20. The media of claim 19, wherein the method further includes
displaying the one or more documents according to a rank assigned
to each of the one or more documents.
Description
CROSS-REFERENCE TO RELATED APPLICATIONS
[0001] This application claims the benefit of the following U.S.
Provisional Applications having the respectively listed Application
numbers and filing dates, and each of which is expressly
incorporated by reference herein: 60/969,490, filed Aug. 31, 2007,
U.S. Provisional Application No. 60/969,478, filed Aug. 31, 2007,
U.S. and Provisional Application No. 60/969,486, filed Aug. 31,
2007.
STATEMENT REGARDING FEDERALLY SPONSORED RESEARCH OR DEVELOPMENT
[0002] Not applicable.
BACKGROUND
[0003] Search has become an increasingly important tool for
conducting research or navigating documents accessible via a
computer. Often, the search engines perform a matching process for
detecting possible documents, or text within those documents, that
utilizes a query submitted by a user. Initially, the matching
process, offered for example online by conventional search engines
such as those maintained by Google or Yahoo, allows the user to
specify one or more keywords in the query to describe information
that s/he is looking for. Next, the conventional online search
engine proceeds to find all documents that contain exact matches of
the keywords and typically presents the result for each document as
a block of text that includes one or more of the keywords provided
by the user therein.
[0004] Suppose, for example, that the user desired to discover
which entity purchased the company PeopleSoft. Entering a query
with the keywords "who bought PeopleSoft" to the conventional
online engine produces the following as one of its results: "J.
Williams was an officer, who founded Vantive in the late 1990s,
which was bought by PeopleSoft in 1999." In this result, the words
from the retrieved text that exactly matches the keywords "who,"
"bought," and "PeopleSoft," from the query, are bold-faced to give
some justification to the user as to why this result is returned.

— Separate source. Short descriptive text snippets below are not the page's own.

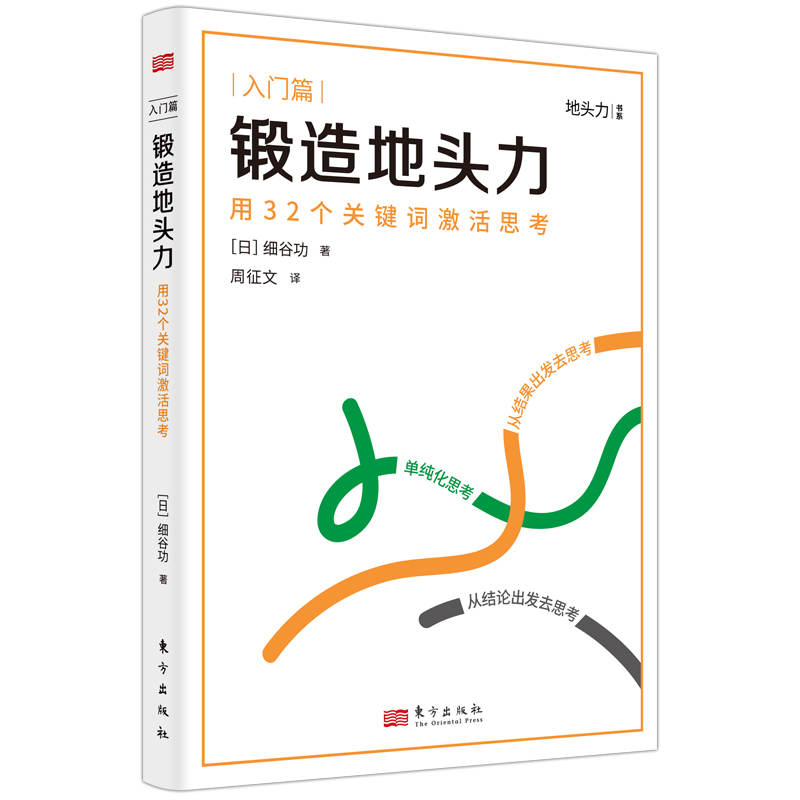 �����^������32��(g��)�P(gu��n)�I�~����˼��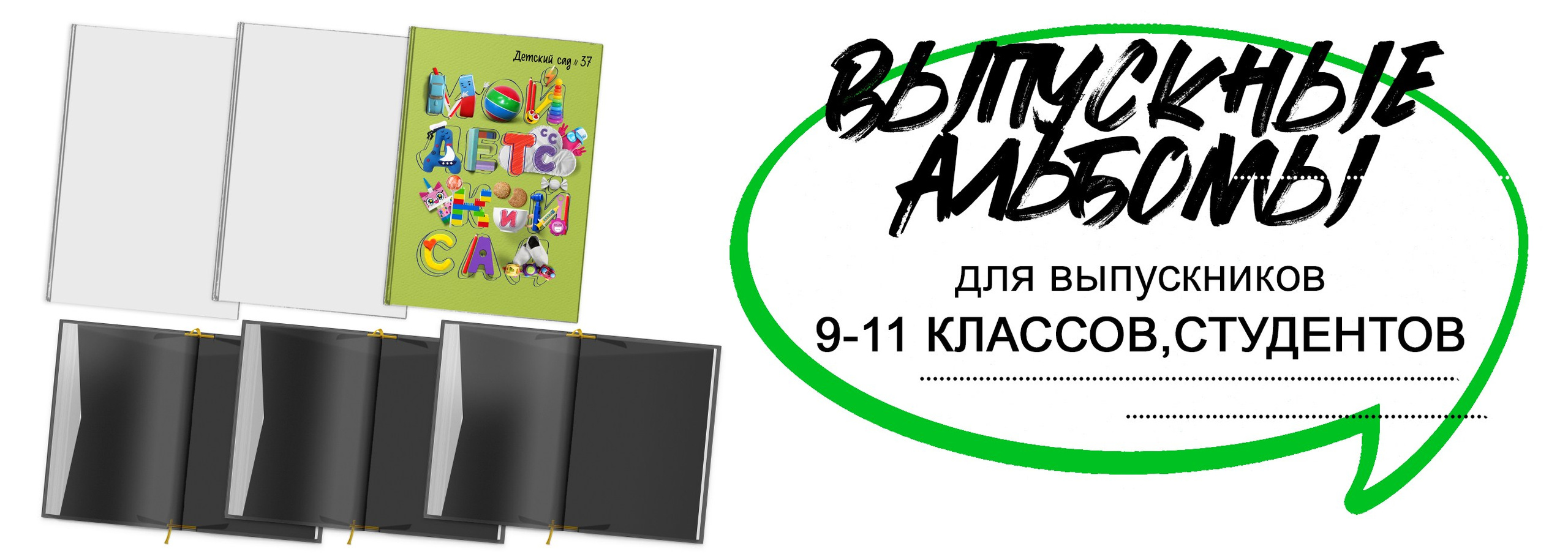 Вып альбомы Олеся Ануфриева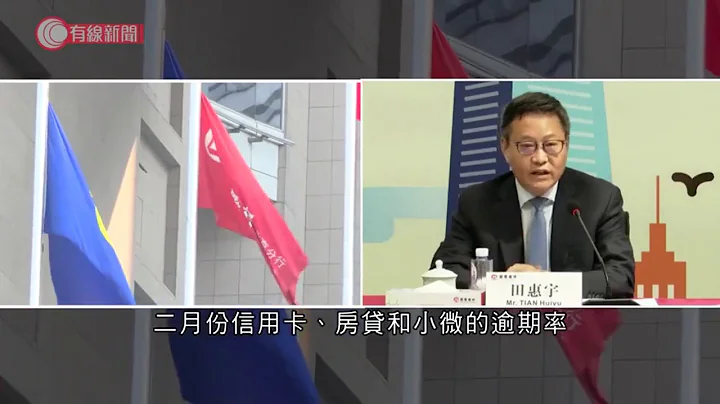 招行：疫情損害資產質量 - 20200323 - 財經新聞 - 有線新聞 CABLE News - 天天要聞
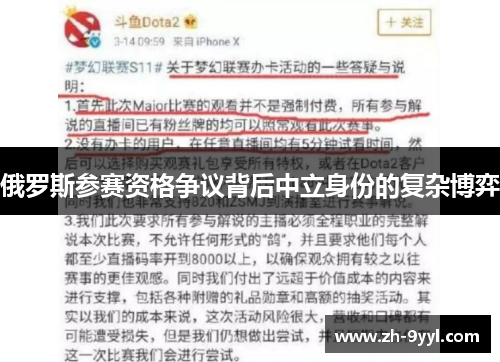 俄罗斯参赛资格争议背后中立身份的复杂博弈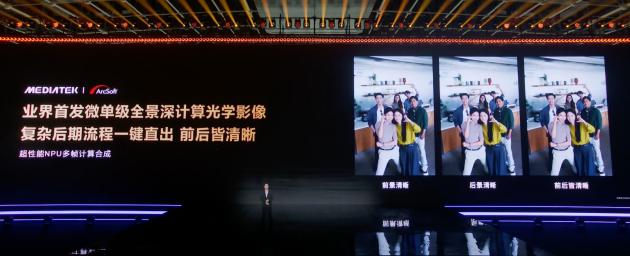 天玑9600 Pro拍照录像升级这么大,期待新款影像旗舰机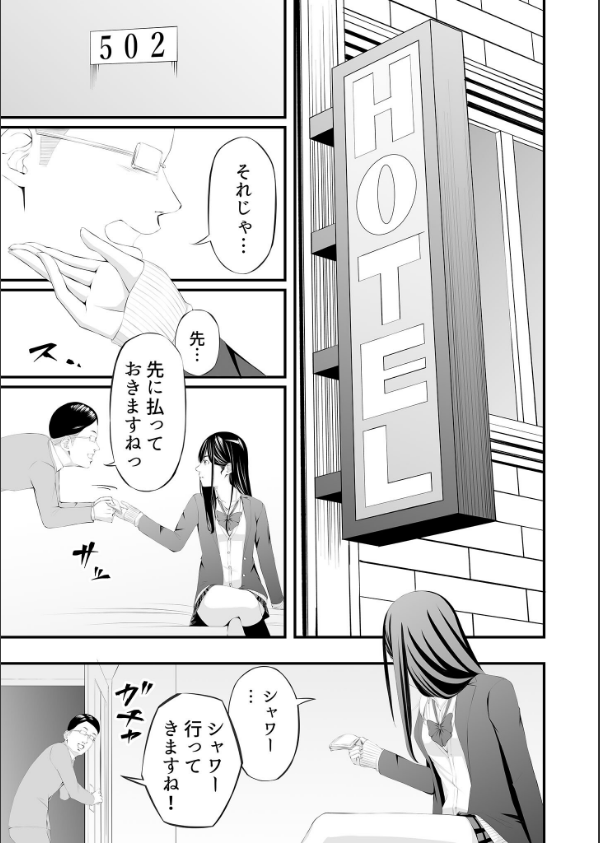 懲罰●● モザイク版_11枚目の画像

Accordingly, providing a matching process that promotes exact
keyword matching is not efficient for the user and often more
misleading than useful.
[0005] Present conventional online search engines are limited in
that they do not recognize words in the searched documents
corresponding to keywords in the query beyond the exact matches
produced by the matching process (.e.g. noting PeopleSoft is a
company, or IBM and Big Blue are the same) nor recognition the
different roles words play in the document (e.g., failing to
distinguish whether PeopleSoft is the agent of the Vantive
acquisition or the target of the Oracle acquisition). Also,
conventional online search engines are limited because a user is
restricted to keywords in a query that are to be matched, and thus,
do not allow the user to express precisely the information desired
if unknown. Accordingly, implementing a natural language search
engine to recognize semantic relations between keywords of a query
and words in searched documents would uniquely increase the
accuracy of the search results.
SUMMARY
[0006] This Summary is provided to introduce a selection of
concepts in a simplified form that are further described below in
the Detailed Description. This Summary is not intended to identify
key features or essential features of the claimed subject matter,
nor is it intended to be used as an aid in determining the scope of
the claimed subject matter.
[0007] Embodiments of the present invention generally relate to
computer-readable media and a computer system for finding documents
in a data store that match a natural language query submitted by a
user. The documents and queries are matched by determining that
words within the query have the same relationship to each other as
the same words in the document. For example, in the sentence "John
reads a book at work" "John" is the subject and "book" is the
object of the sentence. A document containing this sentence could
be returned in response to the query "where does John read a book?"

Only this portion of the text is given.